Comparison of the unitary simulation time of the reference QFT circuit versus four compiled variants using the iterative method in the FTDD tool

Full size image

Figure 3 shows the contraction times of these circuits using the iterative algorithm. The figure illustrates the enormous influence that the gates used to implement a circuit can have on the contraction cost, which in the case shown is several orders of magnitude. For instance, the reference circuit, with 8 qubits, has a contraction cost of 0.95 seconds, while the qft_p3 circuit, with the same number of qubits, has a cost of 1539.17 seconds. The figure illustrates that the size of circuits, range of contracted tensors, and savings achievable through TDDs vary significantly depending on the gates utilized.

6 Conclusions and future work

In this work, we have implemented and evaluated two methods based on DDs to order the contractions of tensor networks using the FTDD tool: iterative and blocks methods. TDDs combine the advantages of tensor networks with the use of DDs to reduce the time and spatial cost of contraction. The iterative method reduces the average size of the intermediate diagrams produced during contraction, thereby decreasing the spatial and temporal cost of the process. The blocks method detects and exploits the iterative structure of many quantum circuits to avoid repeating a large number of costly contractions. Experiments on a variety of quantum circuits show that in many cases the proposed methods improve the temporal and spatial performance of other well-known methods such as sequential or cot orders.
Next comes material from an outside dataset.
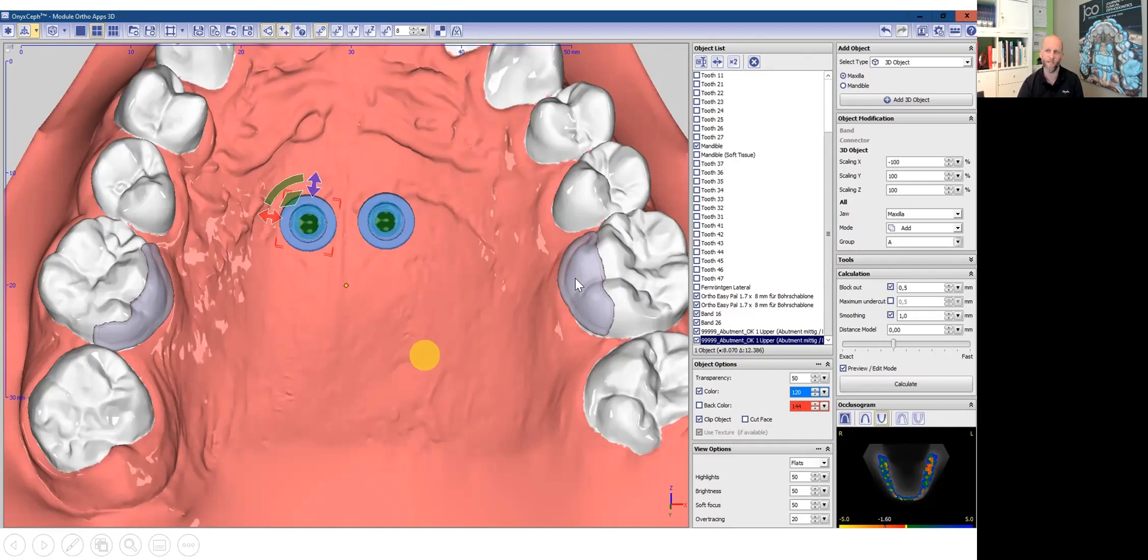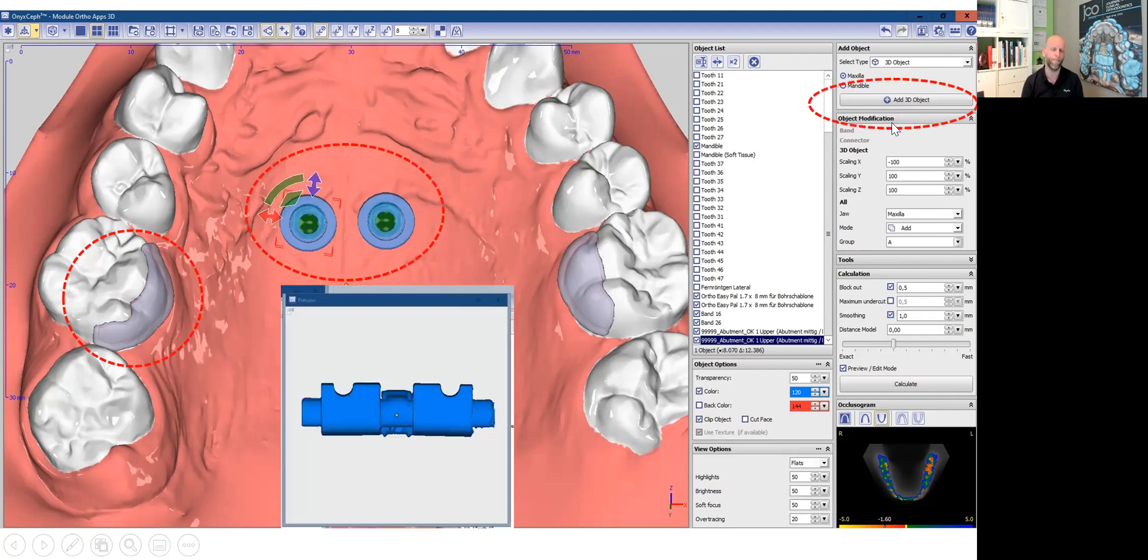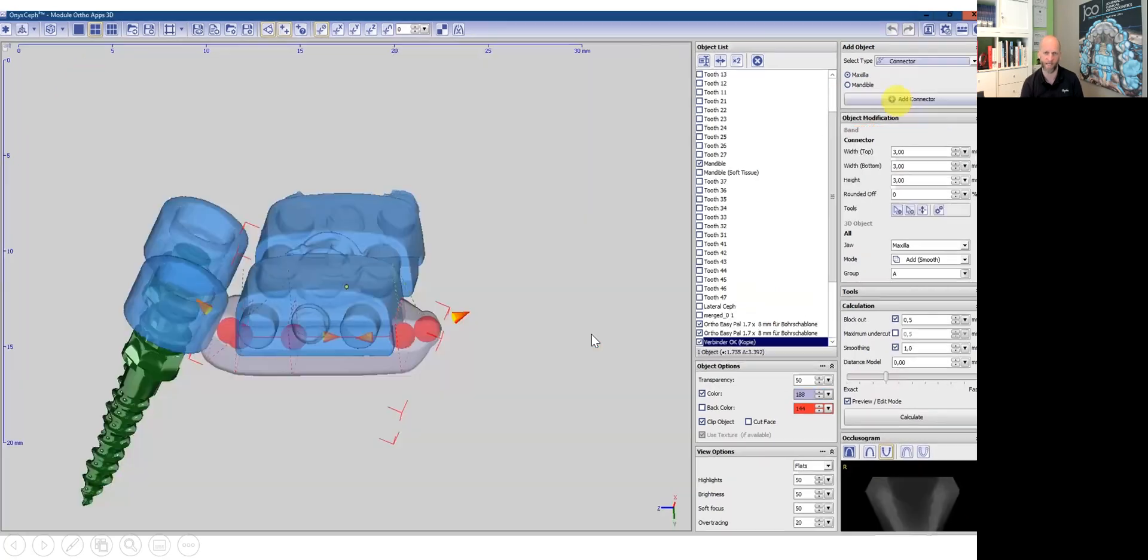So what else do we need? We need another 3D object. So we click on 3D objects. And what do we select? We select an expansion screw. There are many available. I selected a quite classical Hyrax expansion screw. And by clicking on the object, it's added.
In particular, the blocks method achieves significant cost reductions for circuits such as those that implement quantum walks or the Grover algorithm.

Finally, the results indicate that the proposed methods utilizing the FTDD tool can reduce the cost of building a representation of the full functionality of a quantum circuit when compared to well-known tools such as quimb that rely on matrix operations. Moreover, the comparison of different simulation tools indicates that DD-based tools, such as FTDD or DDSIM, reduce the simulation time of well-known tools using matrices, such as quimb and GTN. Besides, using DDs much larger circuits can be simulated.

As a future goal, we aim to develop methods to simulate efficiently quantum circuits on classical computers using TDDs. One way to achieve this is by applying parallelization techniques at different levels of quantum circuit simulation. These levels include parallelizing a single contraction between two tensors, parallelizing contractions of different groups of tensors, and applying slicing to the tensor network and parallelizing the contraction of the resulting sub-tensor networks. By combining TDDs with these parallelizing strategies, we intend to reduce the spatial cost of contracting the tensor network and simulate larger circuits.